Several research papers accepted for BTW 2025
We are very pleased that several papers have been accepted for publication at the Conference on Database Systems for Business, Technology and Web (BTW) 2025. The 21st BTW will take place from March 3 to March 7, 2025 at the University of Bamberg.
The following papers have been accepted:
“Practical Problems in Customer Data – A Use-Case-Driven Classification” (Jan-Lucas Deinhard, Richard Lenz)
This article presents a comprehensive analysis of data quality issues encountered in customer data at large enterprises. This analysis is based on data collected at a large medical technology manufacturer, and the problems observed there are clustered into distinct classes. Through this classification, nine key prevention requirements can be identified which are essential for improving data fitness. These include changes to data governance and to data architecture, among others. An evaluation of existing tools against these requirements furthermore highlights notable solutions. Despite the availability of numerous tools, gaps remain, especially regarding integration of all functionalities. Our findings suggest that while industry-standard solutions are accessible, integrating them into a cohesive framework posed significant challenges in our use case, necessitating continual adjustments to data architecture and processes to enable and maintain high quality of data.
“Relationship Discovery for Heterogeneous Time Series Integration: A Comparative Analysis for Industrial and Building Data” (Lucas Weber, Richard Lenz)
Cyber-physical systems like buildings and power plants are monitored with ever-increasing numbers of sensors, gathering massive and heterogeneous time-series datasets collected in data lakes. Appropriate meta-data, describing both the function and location of each sensor, is essential for any profitable use of the data but is often not available or incomplete. Particularly, information about related sensors, meaning sensors belonging to the same functional subsystem, might be hard to derive if appropriate meta-data is unavailable. While various approaches exist for automatic meta-data extraction from relational databases, the unique characteristics of heterogeneous time-series data necessitate specialized algorithms. Among the general algorithms developed for time-series meta-data inference, only a few are concerned with relationship discovery despite the critical importance of this information in many meta-data formats. Nevertheless, other domains offer a variety of measures for pairwise relationship discovery in homogeneous time-series collections.
This paper consolidates these measures and evaluates their performance for identifying related but heterogeneous time series from the same functional subsystem within industrial facilities. We evaluate the methods on a collection of different datasets to extract promising relationship measures from the literature and show that there are other better-performing candidates than the common Pearson Correlation Coefficient.
“Graph-based QSS: A Graph-based Approach to Quantifying Semantic Similarity for Automated Linear SQL Grading” (Leo Köberlein, Dominik Probst, Richard Lenz)
Determining the Quantified Semantic Similarity (QSS) between database queries is a critical challenge with broad applications, from query log analysis to automated SQL skill assessment. Traditional methods often rely solely on syntactic comparisons or are limited to checking for semantic equivalence.

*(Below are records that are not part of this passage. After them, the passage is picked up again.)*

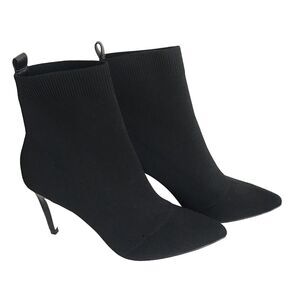 XOXO Womens Black Pull On Pointed Toe Dressy Booties Shoes Fits Sz 8 NWOT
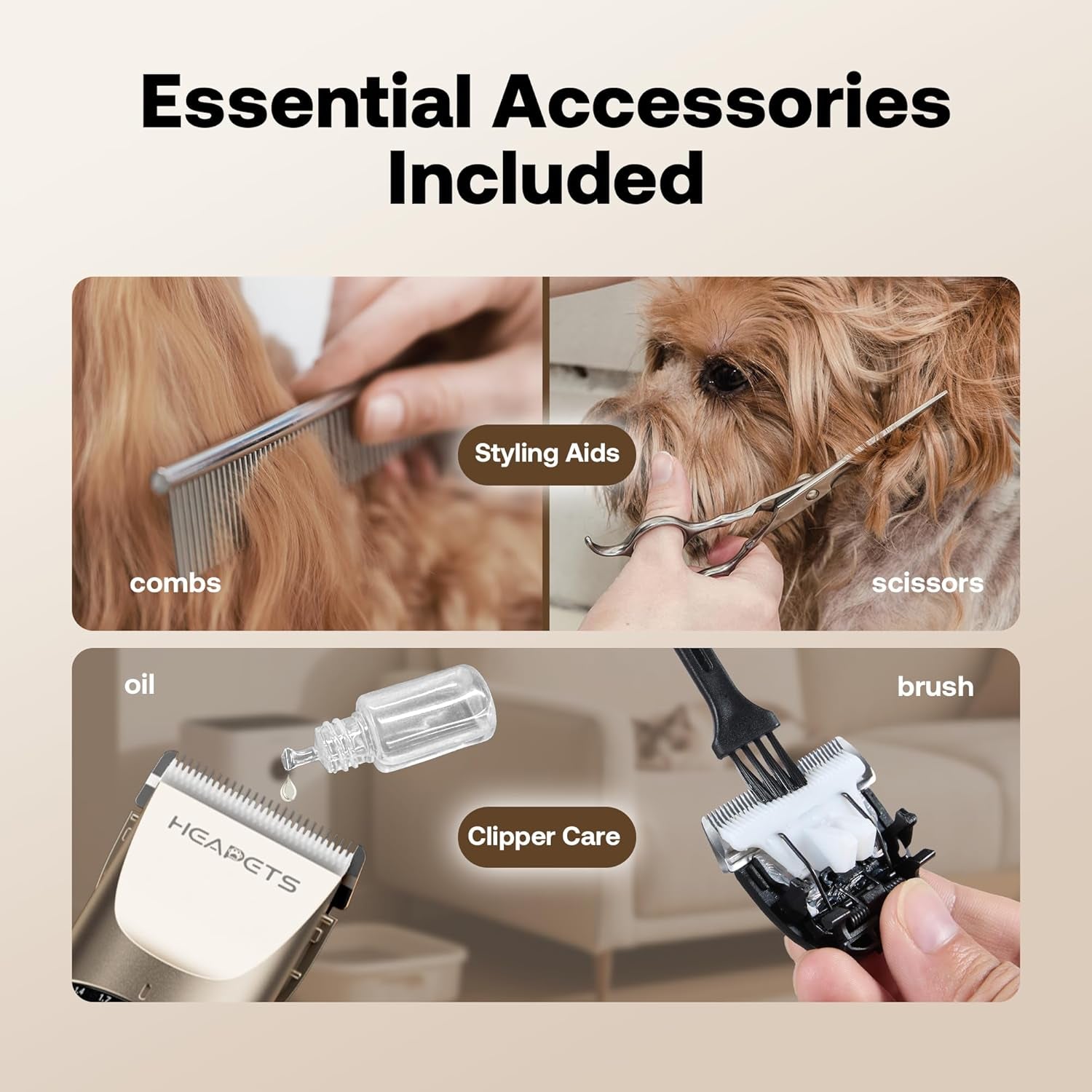 heapets-dog-grooming-clippers-low-noise-electric-quiet-adjustable-clipper-comb-rechargeable-cordless-dog-hair-clippers-for-dogs-cats-pets-gold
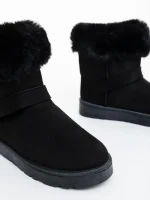 Cizme dama negre din material textil Nicolia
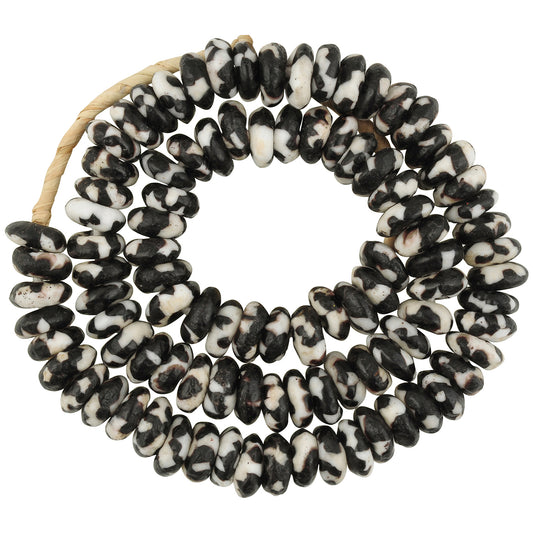 Large African Trade Beads - Recycled Glass From Ghana, 13-14Mm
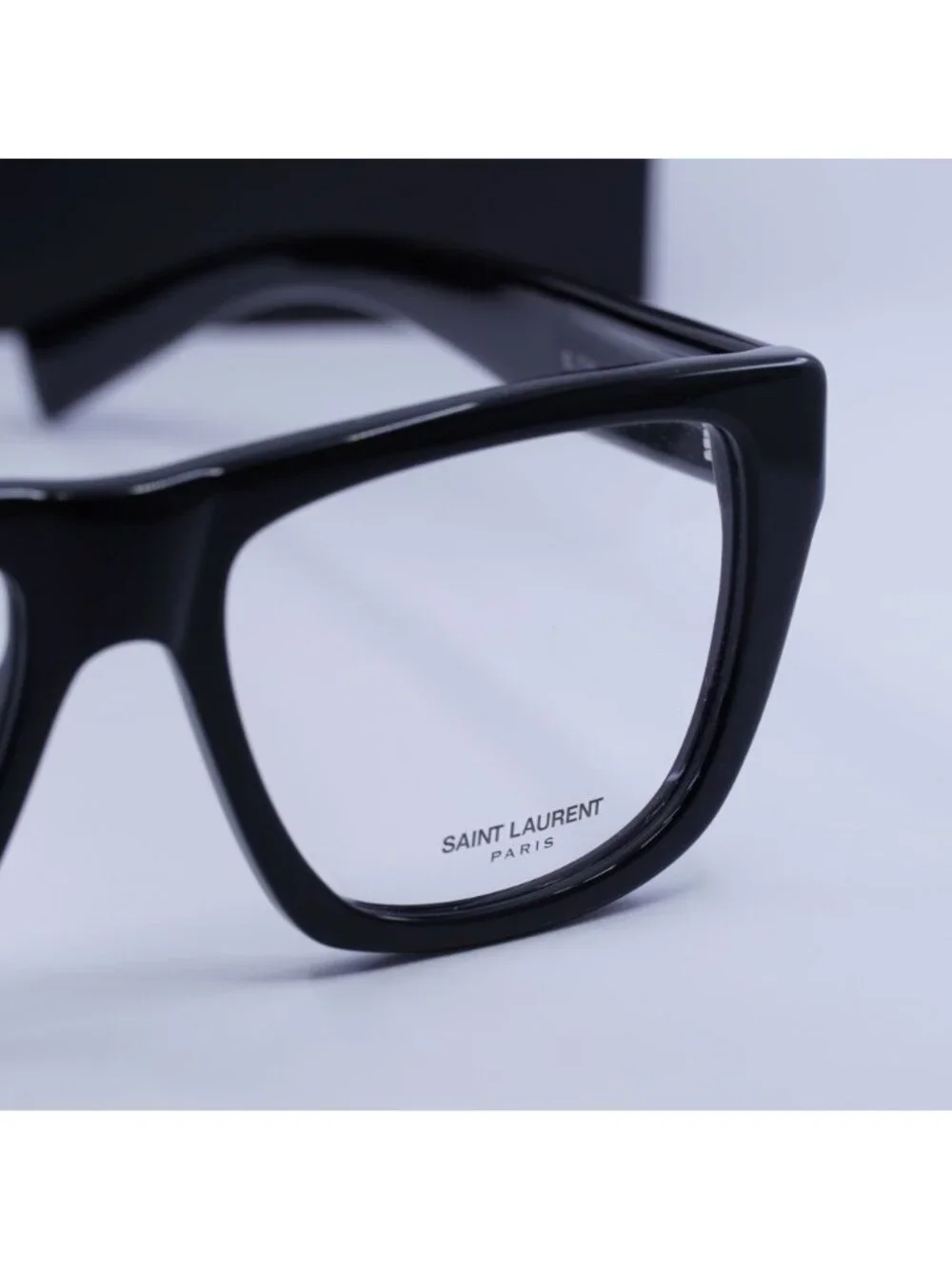 Saint Laurent SL714 001 Square Eyeglasses 55mm – Black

This paper introduces Graph-based QSS, a novel graph-based approach to measure the semantic dissimilarity between SQL queries. Queries are represented as nodes in an implicit graph, while the transitions between nodes are called edits, which are weighted by semantic dissimilarity. We employ shortest path algorithms to identify the lowest-cost edit sequence between two given queries, thereby defining a quantifiable measure of semantic distance. An empirical study of our prototype suggests that our method provides more accurate and comprehensible grading compared to existing techniques. Moreover, the results indicate that our approach comes close to the quality of manual grading, making it a robust tool for diverse database query comparison tasks.
Furthermore the results of the ReProVide project, which was funded as part of the priority program SPP 2037 “Scalable Data Management for Future Hardware”, will be presented at the demo reception:
“ReProVide: Query Optimisation and Near-Data Processing on Reconfigurable SoCs for Big Data Analysis” (Tobias Hahn, Maximilian Langohr, Stefan Meißner, Benedikt Döring, Stefan Wildermann, Klaus Meyer-Wegener, Jürgen Teich)
The goal of ReProVide is to provide novel hardware and optimisation techniques for scalable, high-performance processing of Big Data. The Programmable System-on-Chip (PSoC) architecture of ReProVide includes a reconfigurable FPGA for the support of hardware accelerators for various operators on relational and streaming data. Such PSoCs can be used to process data directly at the source, such as data from attached NVMes, using application-specific accelerators. For example, compute-intensive tasks such as JSON parsing can be offloaded to the hardware accelerators, reducing CPU load. In addition, reducing the volume of data at an early stage avoids unnecessary data movements, resulting in lower energy consumption. This demo illustrates the opportunities and benefits of hardware-reconfigurable, FPGA-based PSoCs for near-data processing. The demo allows users to run two queries and select which operations should be pushed onto the SoC for near-data hardware acceleration. From no acceleration to maximum acceleration, a 52x improvement in throughput and 67x lower energy consumption can be observed.